U.S. Supreme Court’s “Trump Too Small” Ruling Could Foretell Big Trouble for “Actual Malice”

Published June 2024

Eric Robinson
By Eric P. Robinson, USC School of Journalism and Mass Communications

On June 13 the U.S. Supreme Court unanimously ruled that 15 U.S.C. § 1052(c), a provision of trademark law barring registrations of the name of a living person by someone other than that individual, does not violate free speech provisions of the First Amendment. Thus it upheld the U.S. Patent and Trademark Office’s rejection of a trademark application for “Trump too small,” a reference to an exchange between Donald Trump and Marco Rubio at a 2016 presidential debate.

 

But while the justices agreed that the provision is constitutional, they differed widely on the rationale. Thus, for example, while Justice Clarence Thomas wrote the court’s opinion, only two other justices joined it, and Thomas himself did not agree to one section of that opinion. Chief Justice Roberts and Justice Kavanaugh agreed with the opinion, except for the section that Thomas also rejected. The support for other parts of the main opinion among the justices, and their partial support of other justices’ concurring opinions, is a dizzying whirlwind.

 

The bottom line, as stated in Thomas’s opinion, is that “We hold only that history and tradition establish that the particular restriction before us, the names clause in §1052(c), does not violate the First Amendment.”

 

That “history and tradition” statement may be problematic. This approach towards determining whether a provision is or is not constitutional has come into favor among conservative legal scholars and judges, and has been used to hold a New York gun restriction unconstitutional, to rule that a football coach’s pre-game prayers were protected by the free religion provisions of the First Amendment, and to reverse the ruling in Roe v. Wade that the Constitution includes a right of privacy that protects a woman’s right to an abortion up until a certain point of fetus development.

 

In the “Trump too small” case, the leading opinion states that “[] history and tradition is sufficient to conclude that the names clause—a content-based, but viewpoint-neutral, trademark restriction—is compatible with the First Amendment.” Only three of justices—Clarence Thomas, Samuel Alito, and Chief Justice John Roberts—appear to agree with this statement. The remaining justices made various points in their opinions that application of the “history and tradition” analysis in this case is unnecessary and/or results-driven.

 

But while the use of the “history and tradition” analysis was not endorsed by a majority of the court in the “Trump too small” case, it marks the first time the approach has been explicitly applied to the free speech provisions of the First Amendment.

 

And that poses a potential danger to other First Amendment issues, the such as the “actual malice” requirement in libel cases brought by public figures. After all, “actual malice” as a requirement in defamation cases was essentially created by the U.S. Supreme Court’s 1964 ruling in New York Times v. Sullivan (which itself was a unanimous opinion).

 

Some of the criticism of “actual malice” has been based its lack of a historical pedigree. In a 2019 opinion, Thomas wrote that “New York Times and the Court’s decisions extending it were policy-driven decisions masquerading as constitutional law. … Instead, we should carefully examine the original meaning of the First and Fourteenth Amendments. If the Constitution does not require public figures to satisfy an actual-malice standard in state-law defamation suits, then neither should we.”

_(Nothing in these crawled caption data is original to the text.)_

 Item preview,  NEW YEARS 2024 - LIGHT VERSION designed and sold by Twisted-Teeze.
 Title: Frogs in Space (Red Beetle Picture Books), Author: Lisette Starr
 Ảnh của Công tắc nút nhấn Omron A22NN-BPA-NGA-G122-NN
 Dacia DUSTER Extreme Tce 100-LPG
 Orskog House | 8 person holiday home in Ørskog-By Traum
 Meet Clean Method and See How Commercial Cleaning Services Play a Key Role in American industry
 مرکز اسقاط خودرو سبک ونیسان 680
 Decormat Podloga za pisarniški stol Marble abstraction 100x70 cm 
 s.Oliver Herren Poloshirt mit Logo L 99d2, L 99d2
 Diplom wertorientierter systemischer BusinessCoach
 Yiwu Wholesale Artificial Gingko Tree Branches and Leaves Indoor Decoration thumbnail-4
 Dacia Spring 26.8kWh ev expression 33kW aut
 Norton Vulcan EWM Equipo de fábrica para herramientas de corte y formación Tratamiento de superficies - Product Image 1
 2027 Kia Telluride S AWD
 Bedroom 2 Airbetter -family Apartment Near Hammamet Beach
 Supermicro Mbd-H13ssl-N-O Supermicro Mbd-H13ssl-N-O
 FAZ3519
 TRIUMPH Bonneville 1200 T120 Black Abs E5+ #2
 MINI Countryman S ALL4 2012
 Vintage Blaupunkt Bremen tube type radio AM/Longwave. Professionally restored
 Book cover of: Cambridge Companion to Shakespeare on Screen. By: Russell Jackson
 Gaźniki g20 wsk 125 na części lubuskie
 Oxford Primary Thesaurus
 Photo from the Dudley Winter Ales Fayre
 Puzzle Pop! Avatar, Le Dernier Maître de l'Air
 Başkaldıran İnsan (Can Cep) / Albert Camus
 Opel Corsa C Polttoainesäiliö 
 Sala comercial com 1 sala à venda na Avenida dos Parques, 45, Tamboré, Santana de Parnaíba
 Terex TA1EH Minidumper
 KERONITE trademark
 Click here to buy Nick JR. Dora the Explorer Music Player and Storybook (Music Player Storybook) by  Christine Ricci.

In a 2021 dissent, Thomas wrote that “(t)his court’s pronouncement that the First Amendment requires public figures to establish actual malice bears ‘no relation to the text, history or structure of the Constitution.’” Justice Gorsuch also cited this history in his own dissent in the same case, adding that whether the Sullivan rationale “holds in a new era where the old economic model that supported reporters, fact-checking, and editorial oversight is disappearing.” But in 2021 the court also denied review in two libel cases that would have given the court the opportunity to revisit the Sullivan standard.

Thomas has been consistent in his attacks on the Sullivan standard, and Gorsuch has agreed with him. Now, two other justices—Alito and Roberts—have expressed support for using the “history and tradition” analysis in free speech cases, which may challenge Sullivan and the “actual malice” standard that it created.


And four justices is enough for the court to grant certiorari and accept a case that could do so.

Massive Verdict Vacated: A libel case that led to a $50 million jury verdict—apparently the largest libel verdict in state history, although an aberration—awarded in 2021 to the former Bluffton, S.C. mayor Lisa Sulka against government critic and gadfly Skip Hoagland has been settled and dismissed. The settlement was apparently agreed to by Hoagland’s insurance company, over his objection.  

Eric P. Robinson focuses on media and internet law as associate professor at the USC School of Journalism and Mass Communication, an affiliate of USC’s Joseph F. Rice School of Law and in an “of counsel” position at Fenno Law in Charleston / Mount Pleasant. He has worked in media law for more than 25 years and is admitted to legal practice in New York and New Jersey and before the U.S. Supreme Court. This column is for educational purposes only; it does not constitute legal advice. Any opinions are his own, not necessarily those of his employers.